** Opening Data section block **

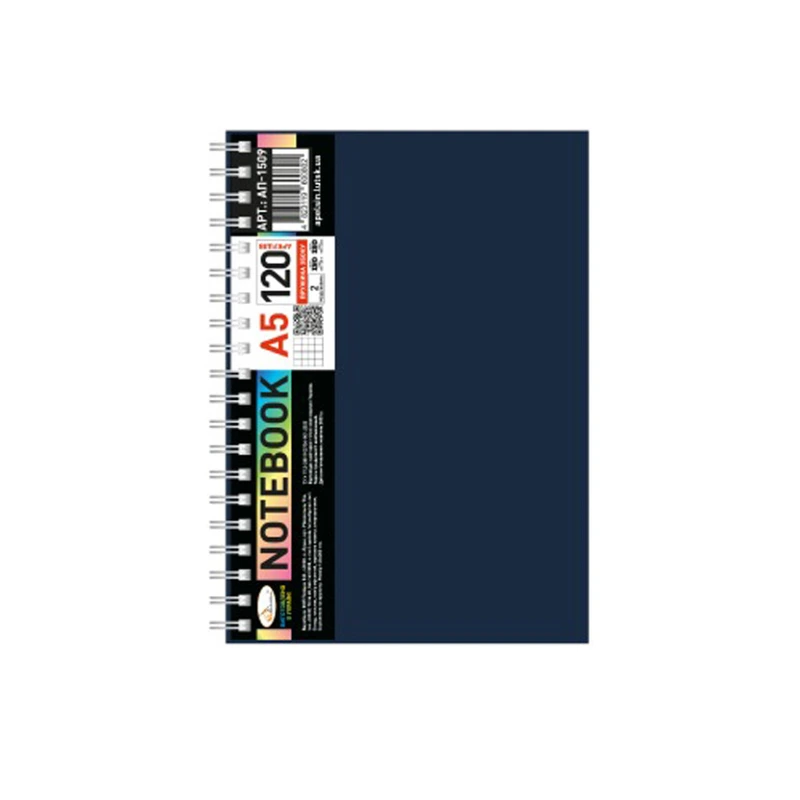 Блокнот А5 АП-1509(Black) 120 аркушів, пружина збоку — Апельсин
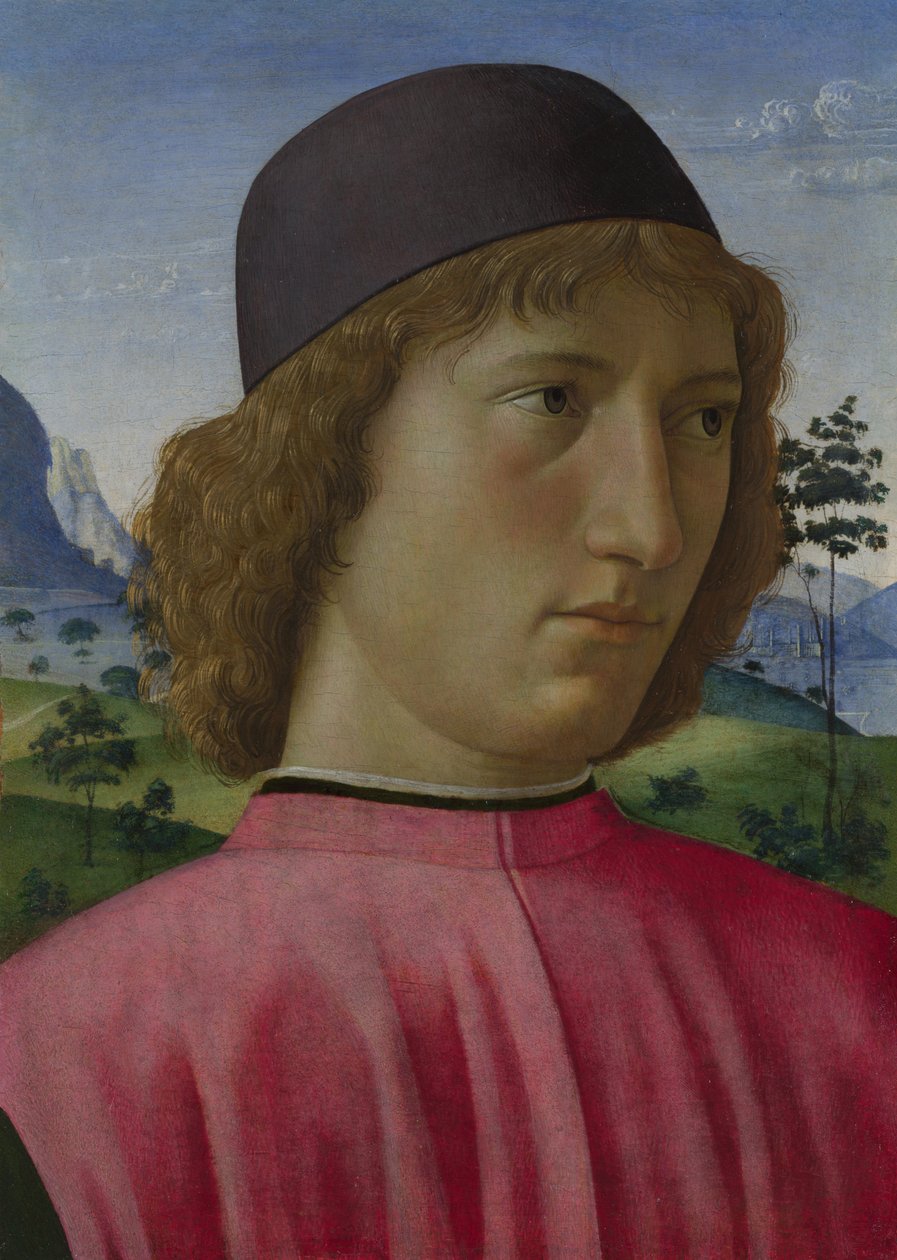 Vörös ruhás fiatalember portréja, 1485 körül alkotó: Domenico Ghirlandaio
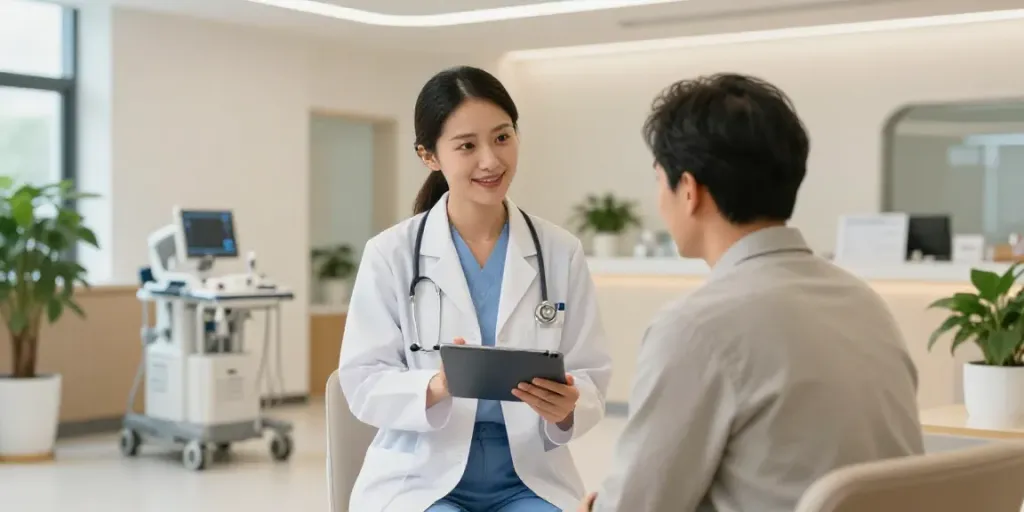 Wolfsburg mitbringen sollten: Freundliche Arztsituation in moderner Diagnostikzentrale.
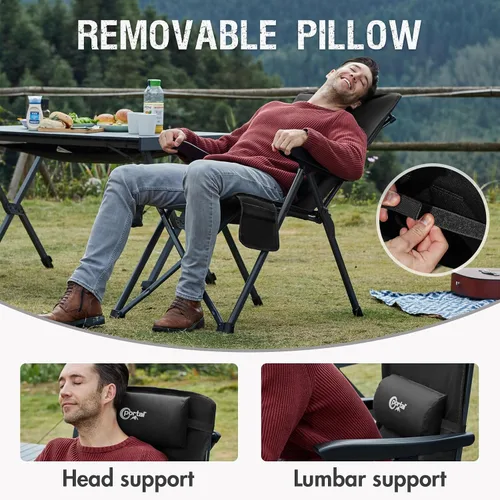 Vista 7 de Portal Silla reclinable de campamento con respaldo ajustable plegable para adultos, portátil, respaldo alto, de gran tamaño, 350 libras (negro)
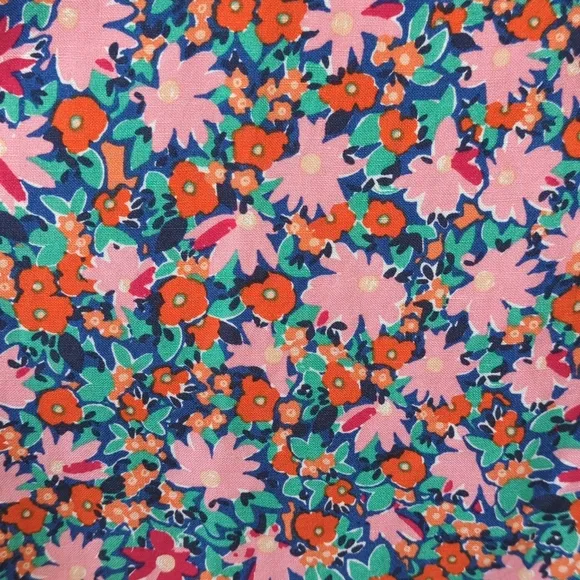 Loft Bright Daisy Linen Blend High Waisted Side Slit A-Line Midi Skirt Pink 12P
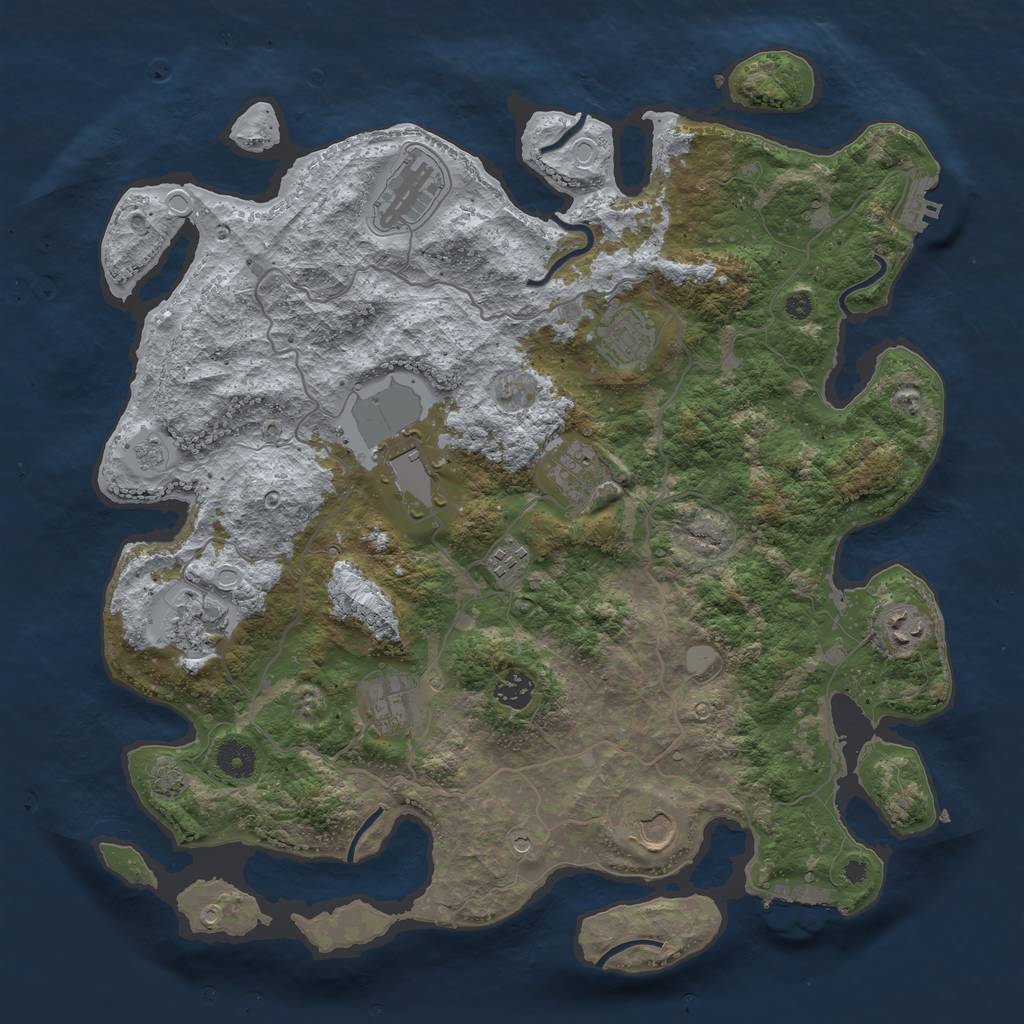 Rust Map: Procedural Map, Size: 4000, Seed: 1485764091, 18 Monuments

** Closing Data section block **

- _Exercise goal_:
Your response must reproduce every line of the data exactly, with images omitted.

- _Exercise output_:
 Блокнот А5 АП-1509(Black) 120 аркушів, пружина збоку — Апельсин
 Vörös ruhás fiatalember portréja, 1485 körül alkotó: Domenico Ghirlandaio
 Wolfsburg mitbringen sollten: Freundliche Arztsituation in moderner Diagnostikzentrale.
 Vista 7 de Portal Silla reclinable de campamento con respaldo ajustable plegable para adultos, portátil, respaldo alto, de gran tamaño, 350 libras (negro)
 Loft Bright Daisy Linen Blend High Waisted Side Slit A-Line Midi Skirt Pink 12P
 Rust Map: Procedural Map, Size: 4000, Seed: 1485764091, 18 Monuments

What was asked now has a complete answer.